Only the lines below from the one that holds "Bochum, Germany. 28th" through the one that holds "A white ceramic" should appear in the answer, copied exactly, end lines included and pictures omitted.

------ Stored data

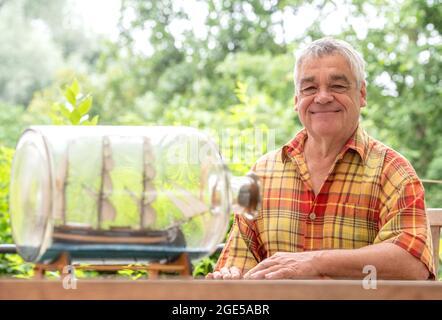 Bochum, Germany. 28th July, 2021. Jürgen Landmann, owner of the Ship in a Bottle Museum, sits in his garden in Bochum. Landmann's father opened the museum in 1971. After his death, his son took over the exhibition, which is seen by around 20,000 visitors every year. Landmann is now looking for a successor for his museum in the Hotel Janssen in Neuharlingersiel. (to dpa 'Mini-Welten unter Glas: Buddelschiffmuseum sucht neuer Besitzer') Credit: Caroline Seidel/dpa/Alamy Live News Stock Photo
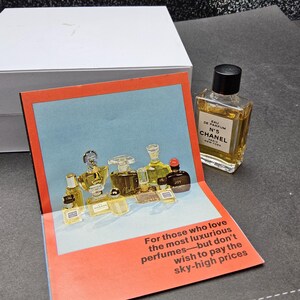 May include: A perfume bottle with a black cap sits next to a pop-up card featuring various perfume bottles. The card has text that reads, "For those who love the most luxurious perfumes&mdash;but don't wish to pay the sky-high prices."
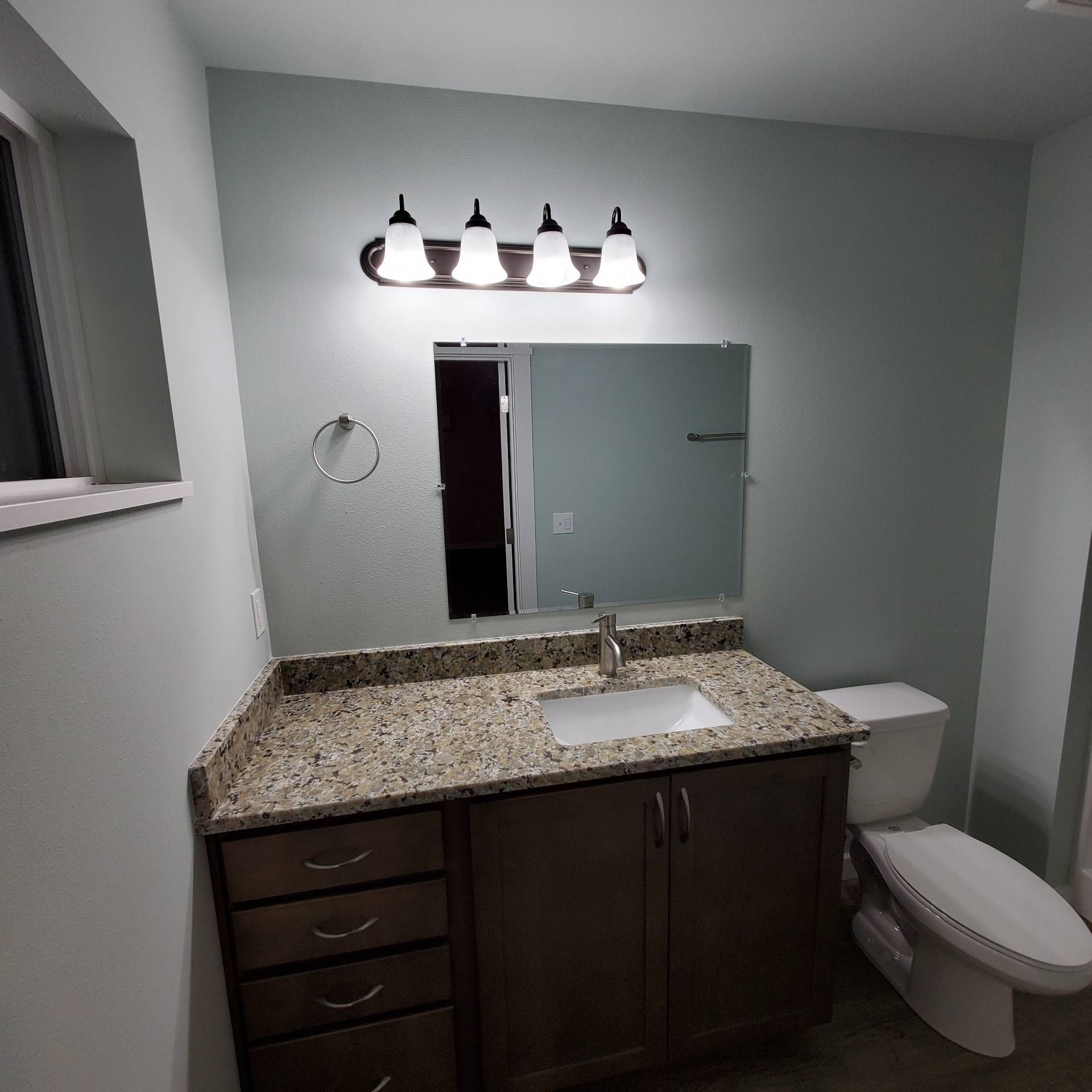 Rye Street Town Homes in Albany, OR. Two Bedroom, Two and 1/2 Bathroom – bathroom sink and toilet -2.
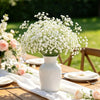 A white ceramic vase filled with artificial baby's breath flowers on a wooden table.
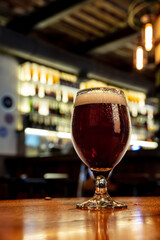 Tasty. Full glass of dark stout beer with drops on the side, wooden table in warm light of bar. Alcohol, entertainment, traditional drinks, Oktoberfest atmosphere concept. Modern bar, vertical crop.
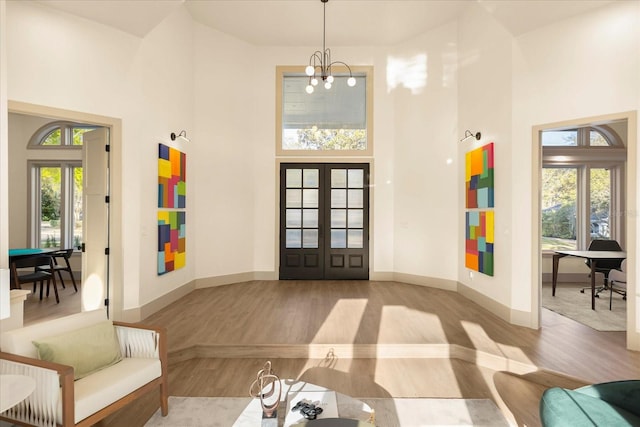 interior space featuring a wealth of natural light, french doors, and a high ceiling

------------
------ Stored data

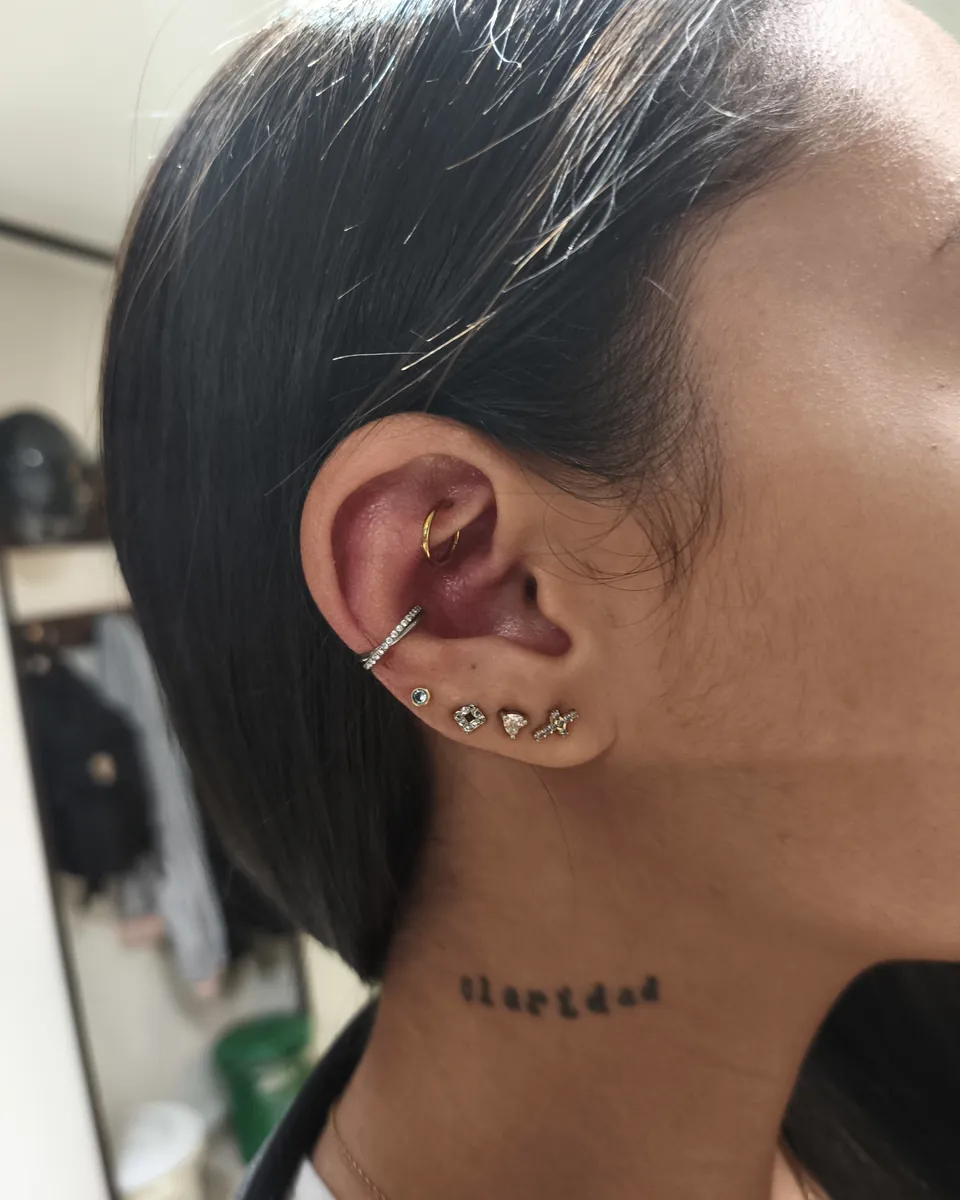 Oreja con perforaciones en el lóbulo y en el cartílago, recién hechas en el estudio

------------

Written response:
 Bochum, Germany. 28th July, 2021. Jürgen Landmann, owner of the Ship in a Bottle Museum, sits in his garden in Bochum. Landmann's father opened the museum in 1971. After his death, his son took over the exhibition, which is seen by around 20,000 visitors every year. Landmann is now looking for a successor for his museum in the Hotel Janssen in Neuharlingersiel. (to dpa 'Mini-Welten unter Glas: Buddelschiffmuseum sucht neuer Besitzer') Credit: Caroline Seidel/dpa/Alamy Live News Stock Photo
 May include: A perfume bottle with a black cap sits next to a pop-up card featuring various perfume bottles. The card has text that reads, "For those who love the most luxurious perfumes&mdash;but don't wish to pay the sky-high prices."
 Rye Street Town Homes in Albany, OR. Two Bedroom, Two and 1/2 Bathroom – bathroom sink and toilet -2.
 A white ceramic vase filled with artificial baby's breath flowers on a wooden table.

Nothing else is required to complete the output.